Simulation of Hybrid Vehicle Powertrain with an Advanced Battery Model 2011-28-0069
In the recent years there has been observed an increasing concern about global warming and greenhouse gas emissions. In addition to the environmental issues the predicted scarcity of oil supplies and the dramatic increase in oil price puts new demands on vehicle design. As a result energy efficiency and reduced emission have become one of main selling point for automobiles. Hybrid electric vehicles (HEV) have therefore become an interesting technology for the automotive industries.
HEV are more complicated compared to conventional vehicles due to the fact that these vehicles contain more electrical components such as electric machines, power electronics, electronic continuously variable transmissions (CVT), and embedded powertrain controllers. Advanced energy storage devices and energy converters, such as Li-ion batteries and fuel cells are also considered.
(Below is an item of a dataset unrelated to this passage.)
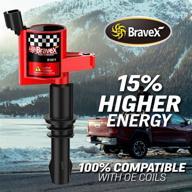 прямая зажигания bravex совместима с апгрейдом fd508 - запасные части для зажигания. логотип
Computer simulation is indispensible to facilitate the examination of the vast hybrid electric vehicle design space with the aim to predict the vehicle performance over driving profiles, estimate fuel consumption and the pollution emissions.
There are various types of mathematical models and simulators available to perform system simulation of vehicle propulsion. One of the standard methods to model the complete vehicle powertrain is “backward quasistatic modeling”. In this method vehicle subsystems are defined based on experiential models in the form of look-up tables and efficiency maps. In the present work we have developed a semi-physical battery model that on one side could be simulated fast on the other side include all important physical phenomena in the battery. IEEE standard hardware description language VHDL-AMS has been used to model the battery. We have then coupled this detailed model of the battery with the rest of the vehicle resulting in a series hybrid electric vehicle model.
The work depicts an in-depth modeling methodology for battery with physical reasoning and its integration into hybrid electric vehicle design.